“Manda a los hijos de Israel que te traigan para el alumbrado aceite puro de olivas machacadas, para hacer arder las lámparas continuamente” (Lev. 24:2).“Vosotros sois la luz del mundo… Así alumbre vuestra luz delante de los hombres, para que vean vuestras buenas obras, y glorifiquen a vuestro Padre celestial”(Mat. 5:14, 16).
Ayer estuvimos viendo que tenemos que atender a nuestra relación con el Señor“continuamente” para ser luz, que esto requiere tiempo y dedicación, y que no es un trabajo menos importante que servir en lo grande ante los ojos del mundo. Nuestra lámpara tiene que estar dando luz día y noche por medio de todo lo que hacemos. Para ello tenemos que llenarnos del aceite del Espíritu cada día. Esto significa mantenernos llenos del Espíritu Santo. Diariamente dejamos que Él nos escudriñe (Salmo 139:3, 23) para ver si hay pecado en nosotros que no permite que nuestra luz alumbre, confesarlo y rectificar. El pecado emboza el conducto por donde tiene que pasar el aceite:
· ¿Hay una relación que no funciona por mi culpa?
· ¿Tengo una actitud incorrecta? ¿Hay sentimientos malos en mi corazón?
· ¿Ha entrado algo del mundo en mi pensamiento?
· ¿Tengo dudas en cuanto a Dios? ¿Estoy contenta en el Señor?
· ¿Estoy confiando en Él en los problemas que tengo?
· ¿Busco, acepto y vivo su voluntad?
· ¿Dedico lo suficiente a la oración? ¿La Palabra?
· ¿Sale lo que debe de mi boca?
· ¿Estoy cuidando bien mi cuerpo? ¿Me visto correctamente?
· ¿Administro bien el dinero? ¿Mi tiempo?
Todo esto entra en mi relación con Dios. Si hay una cosa que va mal, se produce una grieta en mi depósito, y ya no estoy llena del Espíritu Santo. Lo tengo que arreglar para poder llenarme.

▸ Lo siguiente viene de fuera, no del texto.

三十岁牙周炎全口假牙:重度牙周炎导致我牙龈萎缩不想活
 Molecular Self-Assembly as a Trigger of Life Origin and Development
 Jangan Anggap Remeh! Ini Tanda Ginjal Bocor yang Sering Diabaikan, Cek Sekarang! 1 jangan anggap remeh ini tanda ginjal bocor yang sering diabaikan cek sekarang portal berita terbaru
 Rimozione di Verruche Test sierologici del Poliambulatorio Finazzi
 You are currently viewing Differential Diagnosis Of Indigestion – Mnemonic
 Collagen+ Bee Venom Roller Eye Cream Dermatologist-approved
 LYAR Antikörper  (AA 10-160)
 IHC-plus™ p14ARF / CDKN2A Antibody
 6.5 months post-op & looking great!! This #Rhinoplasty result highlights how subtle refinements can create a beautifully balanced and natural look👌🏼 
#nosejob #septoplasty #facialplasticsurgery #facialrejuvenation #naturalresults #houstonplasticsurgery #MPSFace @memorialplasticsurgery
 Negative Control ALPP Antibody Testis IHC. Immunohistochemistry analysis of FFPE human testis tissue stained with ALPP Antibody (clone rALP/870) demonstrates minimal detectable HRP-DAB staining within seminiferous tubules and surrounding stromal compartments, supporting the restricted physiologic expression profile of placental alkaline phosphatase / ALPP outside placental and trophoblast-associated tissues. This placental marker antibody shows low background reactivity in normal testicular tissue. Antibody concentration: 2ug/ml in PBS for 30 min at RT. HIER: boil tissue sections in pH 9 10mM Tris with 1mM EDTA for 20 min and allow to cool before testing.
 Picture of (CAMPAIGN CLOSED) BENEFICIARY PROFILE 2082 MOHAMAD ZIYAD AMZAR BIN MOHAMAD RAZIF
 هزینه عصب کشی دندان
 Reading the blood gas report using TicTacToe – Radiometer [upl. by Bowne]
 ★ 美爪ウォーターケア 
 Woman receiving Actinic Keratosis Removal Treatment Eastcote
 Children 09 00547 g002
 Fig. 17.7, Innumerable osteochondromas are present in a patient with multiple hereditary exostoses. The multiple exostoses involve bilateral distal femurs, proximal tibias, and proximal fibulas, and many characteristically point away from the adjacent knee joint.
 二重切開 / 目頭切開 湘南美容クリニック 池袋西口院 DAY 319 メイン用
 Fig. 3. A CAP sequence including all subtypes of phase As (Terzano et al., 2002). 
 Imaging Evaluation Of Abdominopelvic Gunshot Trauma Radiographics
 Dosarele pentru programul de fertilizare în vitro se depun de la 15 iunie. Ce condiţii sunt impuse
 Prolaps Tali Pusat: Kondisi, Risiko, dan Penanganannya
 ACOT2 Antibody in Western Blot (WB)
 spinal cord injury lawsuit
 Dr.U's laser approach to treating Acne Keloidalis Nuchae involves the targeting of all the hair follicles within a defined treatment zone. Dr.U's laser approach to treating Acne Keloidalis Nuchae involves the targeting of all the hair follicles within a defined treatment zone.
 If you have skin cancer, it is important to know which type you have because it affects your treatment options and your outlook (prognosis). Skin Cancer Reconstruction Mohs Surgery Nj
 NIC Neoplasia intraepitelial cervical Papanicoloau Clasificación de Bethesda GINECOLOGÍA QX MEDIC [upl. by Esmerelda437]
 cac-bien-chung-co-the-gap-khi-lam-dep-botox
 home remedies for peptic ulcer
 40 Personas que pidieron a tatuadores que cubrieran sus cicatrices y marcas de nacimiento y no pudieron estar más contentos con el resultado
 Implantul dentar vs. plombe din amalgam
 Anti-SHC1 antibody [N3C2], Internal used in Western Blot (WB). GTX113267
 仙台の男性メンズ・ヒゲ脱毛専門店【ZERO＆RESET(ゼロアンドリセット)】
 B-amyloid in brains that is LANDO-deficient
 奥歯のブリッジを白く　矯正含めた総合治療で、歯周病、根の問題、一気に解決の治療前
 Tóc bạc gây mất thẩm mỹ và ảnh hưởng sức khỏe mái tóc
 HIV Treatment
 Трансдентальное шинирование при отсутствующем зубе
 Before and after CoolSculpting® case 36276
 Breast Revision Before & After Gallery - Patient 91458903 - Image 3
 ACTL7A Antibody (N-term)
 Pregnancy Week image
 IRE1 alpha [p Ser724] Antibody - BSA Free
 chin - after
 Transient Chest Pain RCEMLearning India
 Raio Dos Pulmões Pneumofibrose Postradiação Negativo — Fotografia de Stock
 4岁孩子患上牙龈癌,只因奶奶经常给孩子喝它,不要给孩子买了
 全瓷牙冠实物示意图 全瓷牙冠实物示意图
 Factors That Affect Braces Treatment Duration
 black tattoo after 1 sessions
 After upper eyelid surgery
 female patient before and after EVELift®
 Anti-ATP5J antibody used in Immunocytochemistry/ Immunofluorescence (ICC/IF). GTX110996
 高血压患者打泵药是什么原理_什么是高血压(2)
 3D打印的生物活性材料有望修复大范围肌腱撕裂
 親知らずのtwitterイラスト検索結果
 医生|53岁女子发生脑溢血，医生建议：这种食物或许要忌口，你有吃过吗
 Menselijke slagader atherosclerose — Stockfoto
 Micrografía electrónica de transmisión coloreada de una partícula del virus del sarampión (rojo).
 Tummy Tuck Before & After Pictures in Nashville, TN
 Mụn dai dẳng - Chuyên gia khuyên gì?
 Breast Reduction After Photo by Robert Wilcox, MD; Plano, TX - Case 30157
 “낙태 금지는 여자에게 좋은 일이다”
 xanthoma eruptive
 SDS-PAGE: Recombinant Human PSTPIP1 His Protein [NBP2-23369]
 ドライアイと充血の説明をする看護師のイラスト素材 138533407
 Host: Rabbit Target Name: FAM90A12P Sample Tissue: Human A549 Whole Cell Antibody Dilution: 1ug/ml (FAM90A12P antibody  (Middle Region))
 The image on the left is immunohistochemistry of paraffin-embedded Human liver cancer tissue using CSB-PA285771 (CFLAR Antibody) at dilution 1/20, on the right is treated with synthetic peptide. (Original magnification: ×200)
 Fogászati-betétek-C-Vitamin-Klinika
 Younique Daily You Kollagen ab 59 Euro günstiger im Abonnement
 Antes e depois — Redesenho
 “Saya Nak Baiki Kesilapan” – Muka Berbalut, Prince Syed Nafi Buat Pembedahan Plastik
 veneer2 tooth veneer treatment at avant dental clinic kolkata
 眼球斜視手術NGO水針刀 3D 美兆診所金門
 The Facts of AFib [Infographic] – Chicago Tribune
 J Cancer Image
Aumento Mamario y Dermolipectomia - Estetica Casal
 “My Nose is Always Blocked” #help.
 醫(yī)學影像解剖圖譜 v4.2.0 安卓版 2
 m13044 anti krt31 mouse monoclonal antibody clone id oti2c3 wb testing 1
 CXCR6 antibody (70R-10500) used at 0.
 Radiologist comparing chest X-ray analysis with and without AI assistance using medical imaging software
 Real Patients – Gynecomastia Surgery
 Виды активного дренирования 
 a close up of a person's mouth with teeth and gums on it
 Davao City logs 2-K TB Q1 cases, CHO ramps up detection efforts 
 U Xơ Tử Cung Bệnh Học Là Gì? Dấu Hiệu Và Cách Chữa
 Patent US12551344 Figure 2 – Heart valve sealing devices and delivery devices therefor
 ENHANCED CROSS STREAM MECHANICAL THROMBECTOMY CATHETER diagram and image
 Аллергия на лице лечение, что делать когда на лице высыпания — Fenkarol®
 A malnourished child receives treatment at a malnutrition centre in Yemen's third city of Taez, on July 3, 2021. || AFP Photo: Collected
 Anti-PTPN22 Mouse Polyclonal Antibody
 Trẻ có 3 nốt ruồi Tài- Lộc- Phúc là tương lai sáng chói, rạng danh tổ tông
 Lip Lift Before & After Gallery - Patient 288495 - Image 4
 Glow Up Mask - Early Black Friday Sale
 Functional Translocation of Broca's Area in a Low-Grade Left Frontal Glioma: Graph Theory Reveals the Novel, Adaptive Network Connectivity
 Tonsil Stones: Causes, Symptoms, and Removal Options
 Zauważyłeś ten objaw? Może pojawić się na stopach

Otra cosa obvia tenemos que notar es lo siguiente: el combustible de la lámpara es el aceite del Espíritu Santo; no soy yo. Lo que soy en mi carne no alumbra. El combustible no son mis esfuerzos, mi atractivo personal, mis iniciativas, mis proyectos, mi inteligencia, mi carisma, sino el Espíritu de Dios. Mi vida en la carne no puede dar luz, ni mi vieja manera de ser, mis deseos carnales, mis idiosincrasias. Todo esto es parte del YO que tiene que estar clavado en la cruz. Si funciono en base a lo que soy en la carne y con ello pretendo servir a Dios, me voy a quemar. Estos son los que quedan “quemados” por su servicio cristiano. Cuando uno sirve al Señor lleno del Espíritu Santo no se quema, sino alumbra.
Esta es la manera de dar luz en este mundo, con el Yo crucificado, viviendo conforme a la Palabra de Dios, en la voluntad de Dios, dependiente del Señor, en una relación de amor con Él, lleno del Espíritu Santo, amando a los demás. ¡Por eso es un trabajo “continuo” mantener la lámpara ardiendo! Es un trabajo sagrado, tan importante como predicar desde un púlpito, u organizar grandes eventos evangélicos. Es un trabajo gozoso el de convivir con el Señor, atender a la relación con Él, escuchar su voz, corregir lo que está mal y volver a llenarnos de su Palabra y de de su Espíritu. La lámpara era un objeto hermoso de artesanía pura (Ex. 37:19), pero su valor no consistía en sí mismo, sino en dar luz.